>>
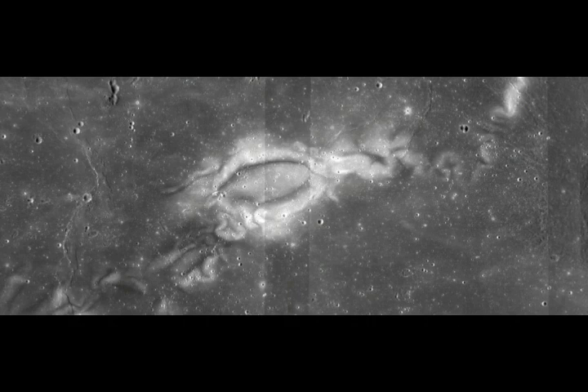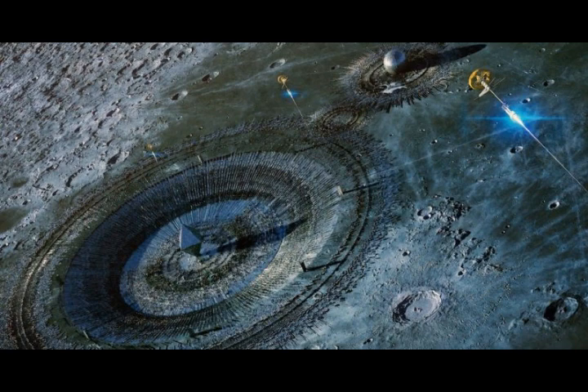First mistaken as a crater, Rainer-Gamma is actually a flat patch that casts no shadow, appearing brightly against the darkness of a vast lunar plain called Oceanus Procellarum.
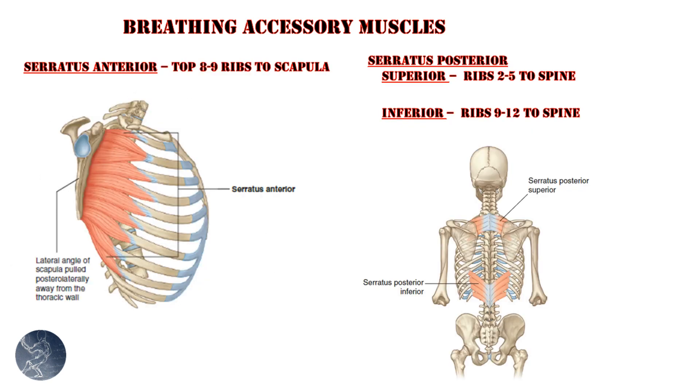Proceeding towards the sides and back, we have the serratus anterior and the serratus posterior. The serratus anterior connects from the deep side of the scapula to the first eight or nine ribs, acting to retract the scapula; however, if the scapula is fixed, it can expand the rib cage by pulling the ribs laterally and posteriorly. The serratus posterior consists of two muscles: the serratus posterior superior, connecting ribs 2 through 5 to the vertebrae to elevate the rib cage, and the serratus posterior inferior, connecting ribs 9 through 12 to the vertebrae to depress the rib cage.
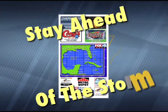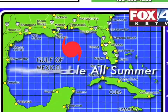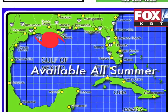These will be safe in the event of a storm. Stay ahead of the storm with the new Fox 4 Hurricane Tracking Chart, available all summer long at any sponsor location.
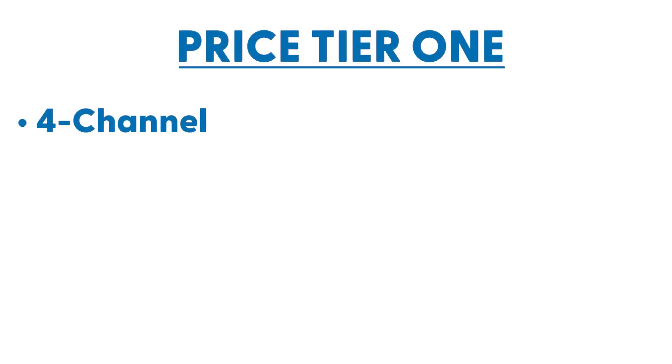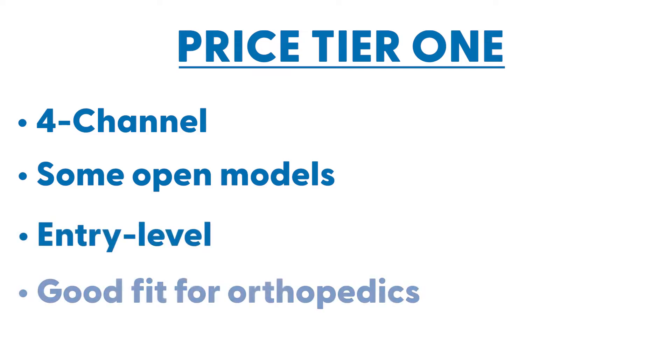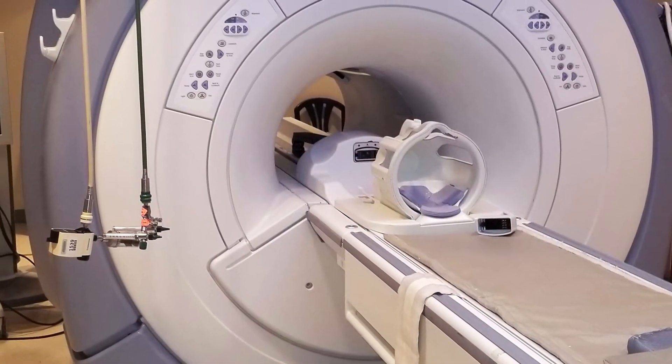There are three tiers in MRI pricing. The first tier is primarily four-channel systems, open MRIs, and more of an entry-level MRI — good for somebody that's doing perhaps some orthopedic bone studies, or if they're just getting into the MRI business and want to sort of test the waters.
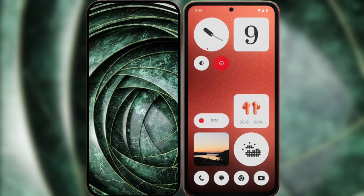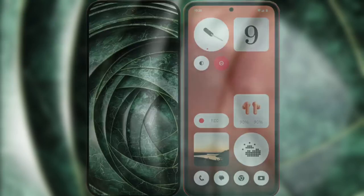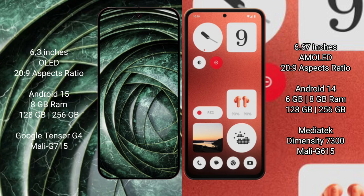I will compare the new Google Pixel 9a with Nothing Phone 1. Google Pixel 9a has a 6.3-inch AMOLED display running Snapdragon 20s to 9. Nothing Phone 1 has a 6.67-inch AMOLED display also running Snapdragon 20s to 9.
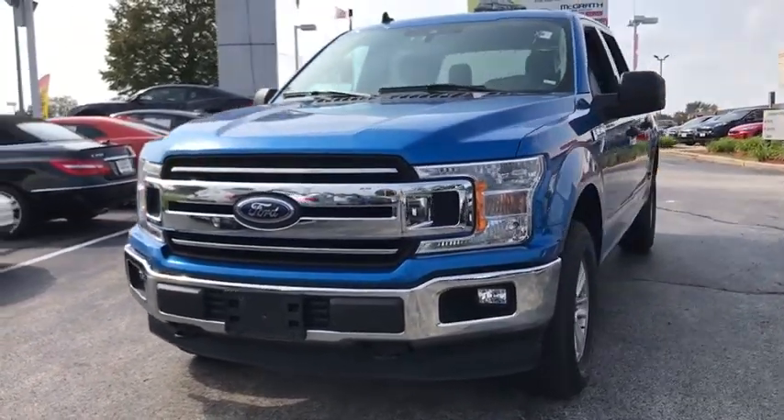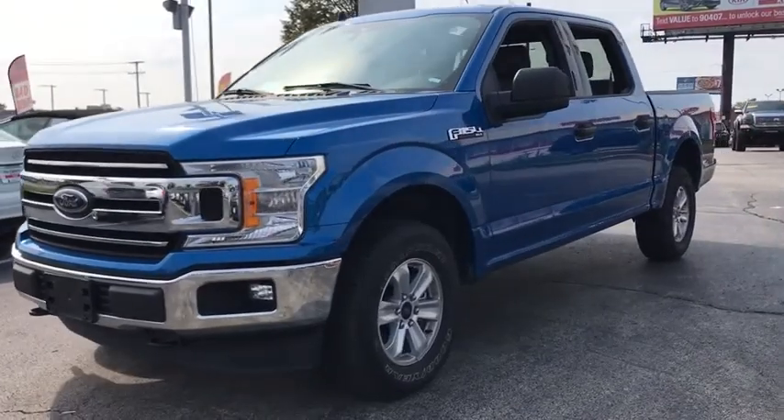This vehicle has less than 20,000 miles. Here are some of this vehicle's great options.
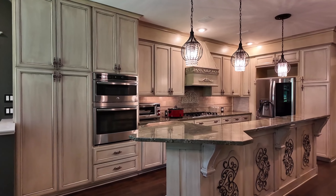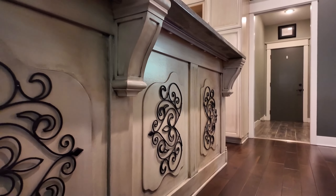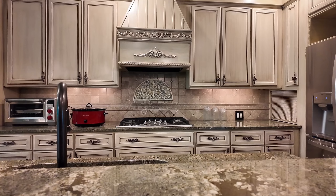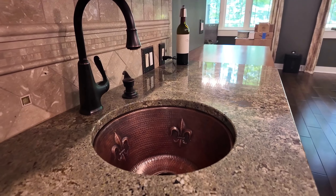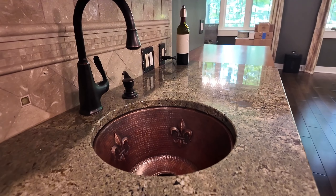Welcome to 7950 Byron Station Court in Byron Center, Michigan. This six bedroom, three full bath, two half baths home is just under 5,000 square feet. Some of the features of this home you have to see for yourself.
<<
**Required action:**
Look for the line that contains "This vehicle has", then please copy it and the rest of the lines through the end of the data, pictures excluded.

**Expected output:**
This vehicle has less than 20,000 miles. Here are some of this vehicle's great options.
Welcome to 7950 Byron Station Court in Byron Center, Michigan. This six bedroom, three full bath, two half baths home is just under 5,000 square feet. Some of the features of this home you have to see for yourself.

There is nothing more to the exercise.